Pleasingly, there was also growth reported across employment and firms stocks of purchases – indicating a healthy industry that’s weathering the Brexit storm with relative grace.
“The big question is whether this growth spurt can be maintained, especially given the backdrop of ongoing market volatility and a number of political headwinds such as elections at home and abroad,” said Rob Dobson, an economist at Markit, who produced the report.
“Other surges seen since the middle of last year have generally proved short-lived, as weak wage growth sapped consumer spending. If this happens again it will inevitably constrain manufacturing, even as the investment and intermediate goods producing sectors continue to expand.”
Other economists, like George Buckley of Nomura, have noted that these monthly shifts in the manufacturing PMI are typically reversed in the next month, and that’s it’s often unfair to judge an industry on a monthly performance alone.

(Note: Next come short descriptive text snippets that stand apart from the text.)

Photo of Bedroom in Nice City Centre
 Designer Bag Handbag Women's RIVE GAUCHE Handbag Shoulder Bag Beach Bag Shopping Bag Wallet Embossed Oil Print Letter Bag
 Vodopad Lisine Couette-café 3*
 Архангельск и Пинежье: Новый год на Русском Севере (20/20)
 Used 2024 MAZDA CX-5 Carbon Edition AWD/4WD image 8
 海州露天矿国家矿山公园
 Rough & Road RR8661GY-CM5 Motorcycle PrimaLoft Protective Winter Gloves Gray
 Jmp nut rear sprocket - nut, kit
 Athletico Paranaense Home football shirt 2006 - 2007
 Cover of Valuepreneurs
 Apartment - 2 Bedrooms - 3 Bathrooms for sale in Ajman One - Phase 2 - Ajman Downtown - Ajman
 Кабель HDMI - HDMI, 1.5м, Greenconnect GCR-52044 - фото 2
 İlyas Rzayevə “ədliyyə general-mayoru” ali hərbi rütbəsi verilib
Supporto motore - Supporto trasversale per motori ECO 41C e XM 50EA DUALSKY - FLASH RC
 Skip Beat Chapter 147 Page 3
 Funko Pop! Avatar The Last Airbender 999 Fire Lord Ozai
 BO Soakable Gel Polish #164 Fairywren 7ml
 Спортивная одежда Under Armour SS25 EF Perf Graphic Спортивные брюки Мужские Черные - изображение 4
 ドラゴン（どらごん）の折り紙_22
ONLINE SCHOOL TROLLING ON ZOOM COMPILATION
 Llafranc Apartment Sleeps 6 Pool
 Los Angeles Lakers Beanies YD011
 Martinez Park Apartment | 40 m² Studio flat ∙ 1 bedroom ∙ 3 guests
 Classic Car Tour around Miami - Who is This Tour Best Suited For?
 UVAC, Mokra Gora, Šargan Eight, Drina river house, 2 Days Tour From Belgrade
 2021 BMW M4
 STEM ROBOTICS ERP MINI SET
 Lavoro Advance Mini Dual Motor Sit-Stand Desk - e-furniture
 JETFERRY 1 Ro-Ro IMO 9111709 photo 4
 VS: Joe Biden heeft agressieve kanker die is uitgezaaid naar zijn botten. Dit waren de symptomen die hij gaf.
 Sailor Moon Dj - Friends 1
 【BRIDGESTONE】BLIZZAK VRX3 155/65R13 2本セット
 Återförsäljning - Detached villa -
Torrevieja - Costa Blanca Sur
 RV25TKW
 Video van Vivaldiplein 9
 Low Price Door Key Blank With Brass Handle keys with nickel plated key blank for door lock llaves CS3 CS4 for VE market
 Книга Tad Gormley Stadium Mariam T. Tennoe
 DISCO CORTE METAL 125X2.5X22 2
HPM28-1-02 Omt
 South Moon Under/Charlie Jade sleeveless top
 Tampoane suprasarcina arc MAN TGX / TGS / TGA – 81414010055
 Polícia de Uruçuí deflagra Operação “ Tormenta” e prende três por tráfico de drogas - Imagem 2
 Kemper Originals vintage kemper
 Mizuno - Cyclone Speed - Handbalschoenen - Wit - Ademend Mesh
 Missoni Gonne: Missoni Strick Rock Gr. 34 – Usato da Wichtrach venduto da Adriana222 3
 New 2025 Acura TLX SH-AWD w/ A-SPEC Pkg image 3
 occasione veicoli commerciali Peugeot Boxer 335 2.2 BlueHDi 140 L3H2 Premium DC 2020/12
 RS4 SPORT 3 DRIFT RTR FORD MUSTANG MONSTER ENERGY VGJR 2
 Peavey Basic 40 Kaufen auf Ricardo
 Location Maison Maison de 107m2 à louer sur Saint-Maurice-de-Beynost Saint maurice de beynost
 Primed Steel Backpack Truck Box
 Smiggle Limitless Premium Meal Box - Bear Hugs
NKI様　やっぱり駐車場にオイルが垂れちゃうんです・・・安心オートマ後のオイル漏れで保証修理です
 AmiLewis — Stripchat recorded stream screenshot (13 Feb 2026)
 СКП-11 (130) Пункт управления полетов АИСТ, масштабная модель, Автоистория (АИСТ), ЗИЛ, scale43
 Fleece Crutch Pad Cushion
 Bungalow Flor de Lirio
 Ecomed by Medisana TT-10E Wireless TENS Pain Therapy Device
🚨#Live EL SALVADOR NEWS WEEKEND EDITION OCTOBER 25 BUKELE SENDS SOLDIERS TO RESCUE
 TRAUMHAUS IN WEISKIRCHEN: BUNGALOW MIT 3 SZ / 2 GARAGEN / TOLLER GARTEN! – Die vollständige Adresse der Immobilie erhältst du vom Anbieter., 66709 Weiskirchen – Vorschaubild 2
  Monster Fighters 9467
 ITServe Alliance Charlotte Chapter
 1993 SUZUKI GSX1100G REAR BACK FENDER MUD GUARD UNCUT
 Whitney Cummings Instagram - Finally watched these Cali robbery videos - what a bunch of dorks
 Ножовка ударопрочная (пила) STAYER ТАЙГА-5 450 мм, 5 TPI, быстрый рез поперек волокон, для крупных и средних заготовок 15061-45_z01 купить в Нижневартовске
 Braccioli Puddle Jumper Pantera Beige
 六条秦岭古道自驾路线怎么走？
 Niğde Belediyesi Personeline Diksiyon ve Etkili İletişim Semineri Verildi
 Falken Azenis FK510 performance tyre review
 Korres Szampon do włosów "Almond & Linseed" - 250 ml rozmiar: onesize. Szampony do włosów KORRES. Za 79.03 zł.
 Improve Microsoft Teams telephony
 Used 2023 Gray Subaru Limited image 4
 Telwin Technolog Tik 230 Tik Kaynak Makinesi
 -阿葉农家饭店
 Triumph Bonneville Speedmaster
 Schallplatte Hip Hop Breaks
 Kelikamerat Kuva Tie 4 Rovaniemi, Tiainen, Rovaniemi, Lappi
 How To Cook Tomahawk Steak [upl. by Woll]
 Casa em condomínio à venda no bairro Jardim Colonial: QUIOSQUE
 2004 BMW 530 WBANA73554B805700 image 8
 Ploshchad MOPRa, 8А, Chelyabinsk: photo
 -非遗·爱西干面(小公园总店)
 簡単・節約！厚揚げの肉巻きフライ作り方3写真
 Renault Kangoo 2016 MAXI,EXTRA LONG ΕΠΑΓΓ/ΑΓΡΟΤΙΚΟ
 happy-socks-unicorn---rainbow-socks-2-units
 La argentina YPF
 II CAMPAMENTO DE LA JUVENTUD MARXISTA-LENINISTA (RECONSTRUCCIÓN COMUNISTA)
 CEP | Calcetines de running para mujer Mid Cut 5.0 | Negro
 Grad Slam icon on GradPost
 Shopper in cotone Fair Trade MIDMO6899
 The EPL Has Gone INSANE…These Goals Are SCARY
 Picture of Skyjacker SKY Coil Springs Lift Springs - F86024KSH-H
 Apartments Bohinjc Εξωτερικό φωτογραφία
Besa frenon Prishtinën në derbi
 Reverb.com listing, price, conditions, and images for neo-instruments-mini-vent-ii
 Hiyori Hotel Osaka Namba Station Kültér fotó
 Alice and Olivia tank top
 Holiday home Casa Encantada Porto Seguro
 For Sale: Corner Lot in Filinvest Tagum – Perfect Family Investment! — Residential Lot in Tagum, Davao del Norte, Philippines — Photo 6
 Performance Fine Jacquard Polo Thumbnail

Nevertheless, Lee Hopley of the EEF manufacturers’ group is upbeat about the industry.
“Against all expectations nine months ago, UK manufacturing appears to be in rude health, having navigated significant exchange rate swings and rising input costs, companies are capitalising on the upswing in the world economy and pressing ahead with some new investments,” she said.
Though the UK maintains a high level of pride in our industrial past, today it is very much that – the past. Just 10% of the UK GDP comes from the manufacturing sector. The government have indicated that a strong manufacturing sector is crucial to our success out of the European Union, though little by way on concrete policy to improve the standing of manufacturing has come about since then.